The Islamic bond market, which had held up relatively well in defiance of the credit crisis, has slumped in the past month because of the sharp fall in the price of oil and deepening gloom over the outlook of the world economy.
Hedge funds, which had pumped money into Islamic products in the Middle East in the first six months of the year because of expectations of revaluations of some of the Gulf currencies against the dollar, have also left the market.
There have been only a handful of Islamic bond deals since the start of October, raising a quarter of the amount issued in September and a fraction of the more than $13bn raised in total this year so far, according to Dealogic, the data provider.
Islamic bonds, or sukuk, which are structured to avoid paying interest in line with the Koran, were among the fastest-growing instruments in the world before the credit crisis hit in August last year, although they are still a small market when compared with conventional bonds.
Sukuk issuance now stands at an estimated $80bn in outstanding debt. This is a dramatic rise since 2000 when the market consisted of just a few deals in the millions rather than billions of dollars.
On the sudden seizing-up of the market, Mohammed Dawood, director of capital markets at HSBC Amanah, says: “We live in a global world ... and a reduction of liquidity has had its impact on the sukuk market and the Middle East.”
“A lot of hot money from hedge funds has exited the market since the summer because revaluations of some of the currencies did not materialise and the dollar has strengthened since then. The lower oil price is also negative for the Middle East.”
Most issuers of Islamic bonds are based in the Middle East or Asia. Asian issuance has not been as badly affected because these economies have not relied as heavily on oil, which has fallen in price by far more than half from highs close to $150 in July.
Issuance had suffered in February and March following a warning from one of the leading Islamic scholars that some sukuk, which are structured to pay profits or rent from an underlying business or asset, usually a building, were not measuring up to religious rules.
Sheikh Muhammad Taqi Usmani, head of the religious board of the leading body that sets standards for Islamic financial products, said two types of bond structures – known as musharaka, an Islamic joint partnership, and mudaraba, a form of trust financing – were not compliant with Islamic laws.

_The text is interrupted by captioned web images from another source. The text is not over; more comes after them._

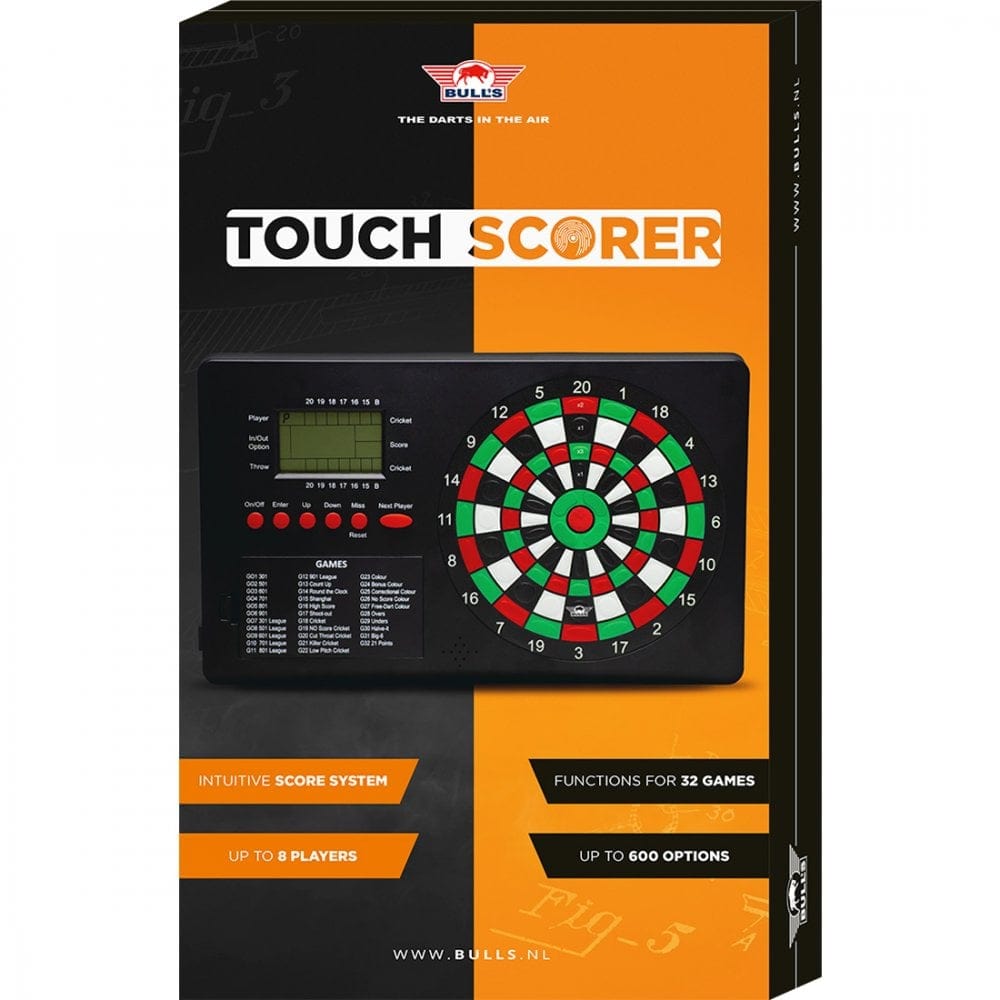 *Bulls LCD Touch Scorer - Easy To Use - Electronic Darts Scoring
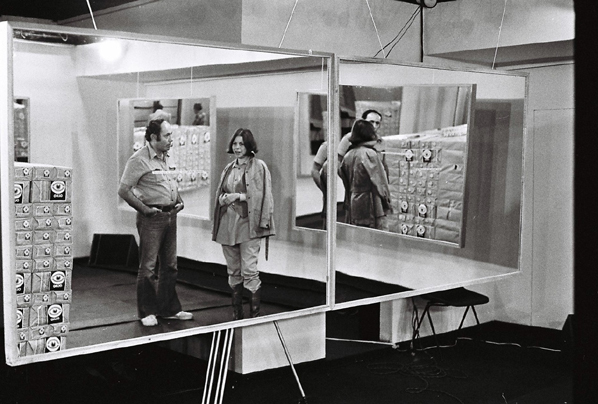 Documentation of Cildo Meireles' O Sermão da Montanha: Fiat Lux, 1979 Documentation of Cildo Meireles' O Sermão da Montanha: Fiat Lux, 1979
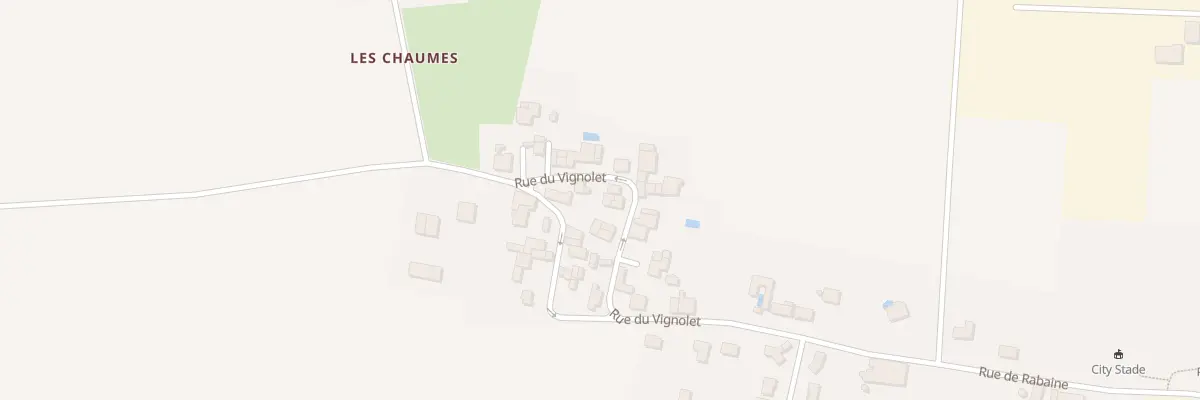Plan du 31 Rue du Vignolet à Montils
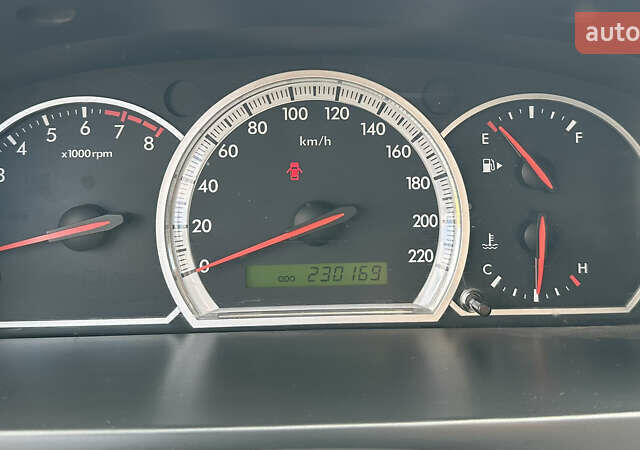 Черный Шевроле Эпика, объемом двигателя 2 л и пробегом 230 тыс. км за 4700 $, фото 27 на Automoto.ua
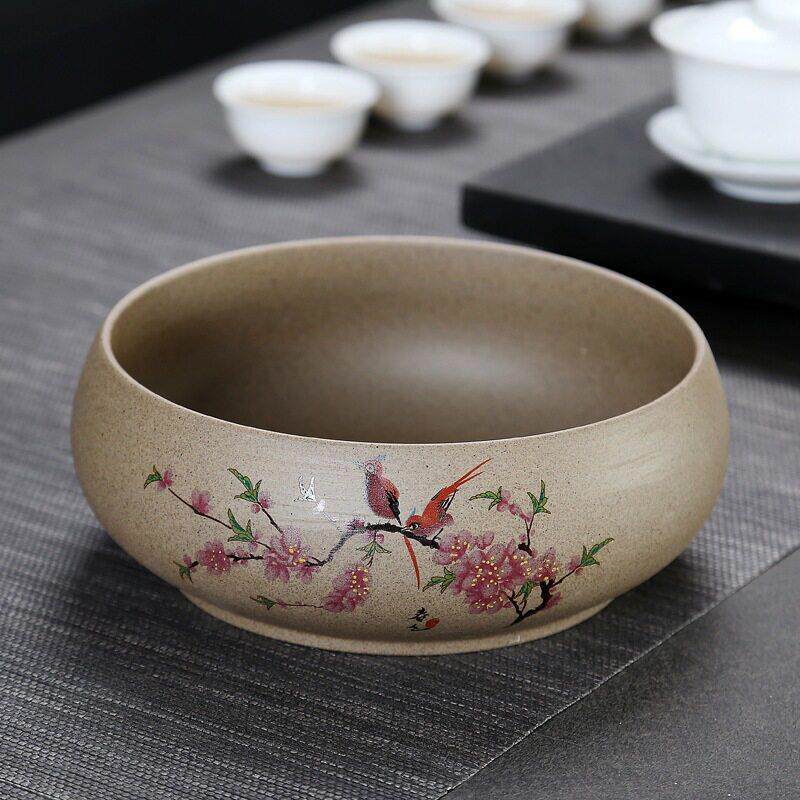 桌面垃圾桶餐桌上圾盒垃茶几上放的果皮碗家厅客收纳小SPZ垃圾盘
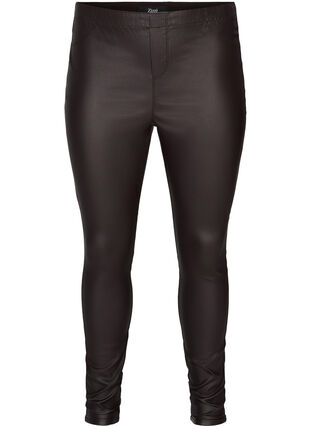 Leggings i viskosblandning, After Dark, Packshot image number 0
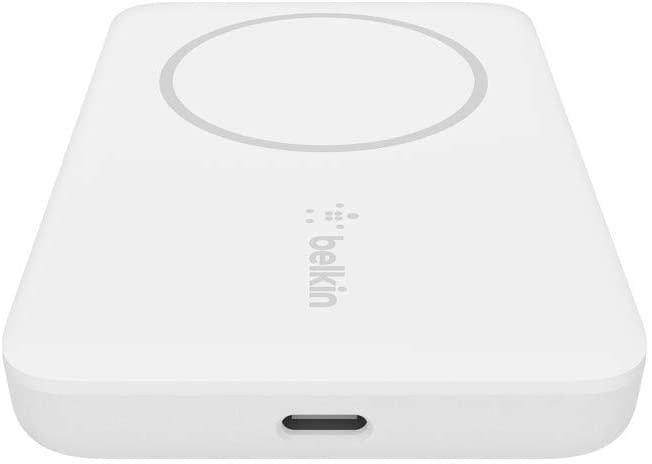 Внешний аккумулятор Belkin Magnetic Wireless 2500mAh (BPD002btWH) для iPhone 12 (White) купить в интернет-магазине icover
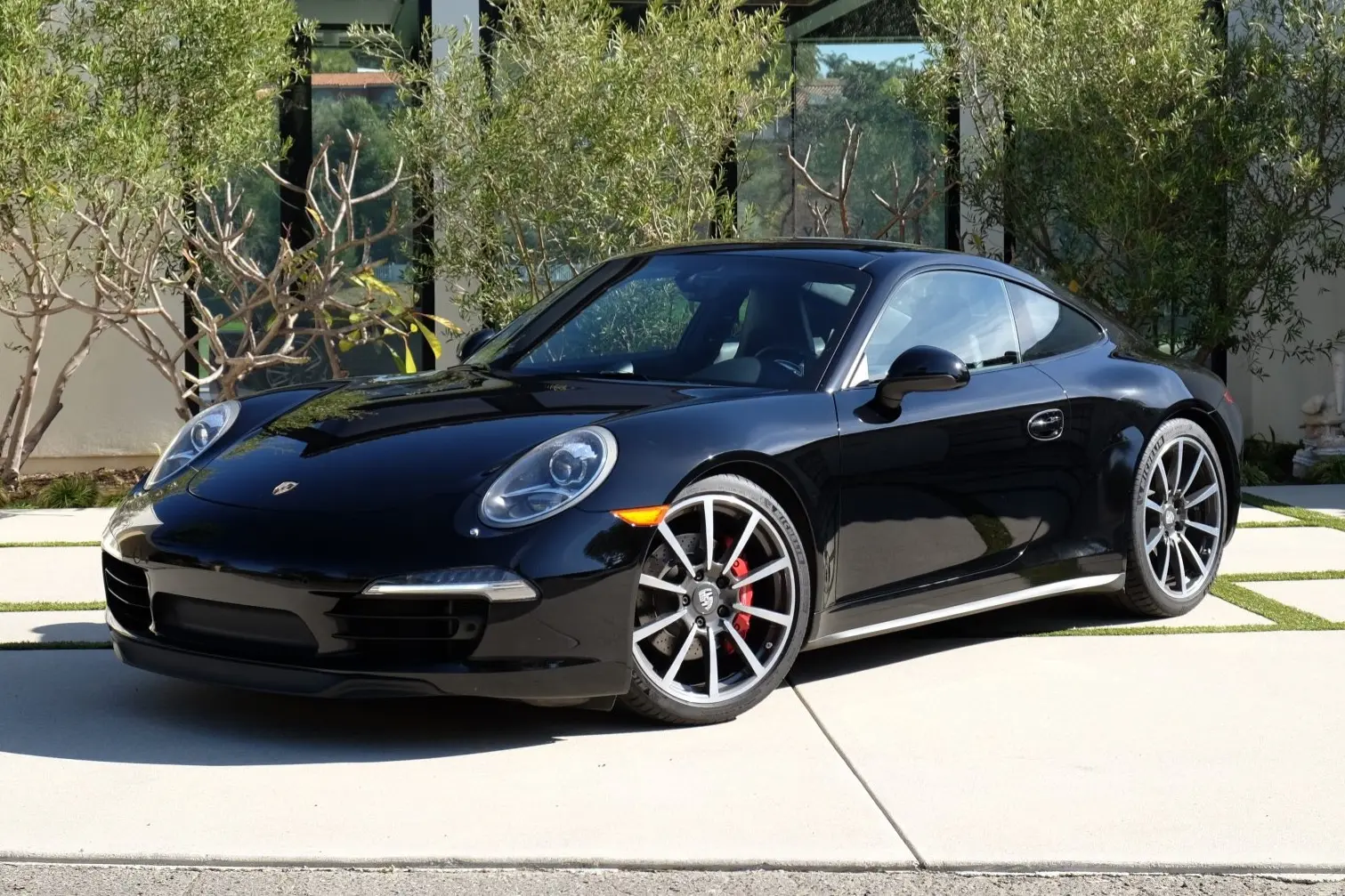 2014 Porsche 911 Carrera 4S Coupe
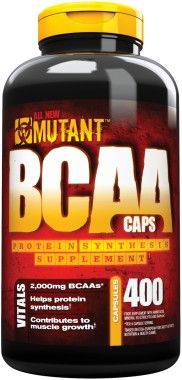 Mutant BCAA 400 kaps. - fiTT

Mr Usmani, head of the religious board of the Bahrain-based Accounting and Auditing Organisation for Islamic Financial Institutions, said musharaka and mudaraba structures were breaking the rules because they offered investors a repurchase undertaking where the issuer promises to pay back the face value of the bond when it matures or in the event of a default.
This looks like a guaranteed return, which goes against the spirit of Islamic finance, where interest is banned and buyers share risk and profit.
Since April, however, the market appeared back on track as Ijara – the one structure not criticised by Mr Usmani – began to attract more interest from investors looking to diversify cash into the Islamic finance sector because its institutions had not been exposed to toxic assets and derivatives in the same way as conventional institutions.
Ijara structures, which involve setting up a sale and leaseback arrangement, escaped the criticism because they use an asset to raise money. As these use lease payments, no interest is paid to fund the project, in line with sharia law.
Issuance between April and September rose to similar levels before the credit crunch, with average monthly issuance rising to $1.9bn raised. This is higher than the $1.8bn monthly average between January and June in 2007, according to Dealogic.
However, in recent weeks as the global economic outlook has deteriorated and the oil price has remained weak, issuers have increasingly struggled to find investors willing to buy Islamic bonds. Shaky property markets have also undermined sentiment and issuance.
Most analysts believe this may turn out to be a blip rather than a permanent trend as the Middle East economies remain strong in spite of the fall in the oil price. The combined gross domestic product of the six Gulf countries – Bahrain, Kuwait, Oman, Qatar, Saudi Arabia and the United Arab Emirates – has doubled since 2002.
These analysts expect the market will remain quiet until January, traditionally a time when some investors start looking to change their portfolios.
Mr Dawood says: “Issuers are going to return to the debt markets and we feel 2009 will see new issues in the sukuk market.”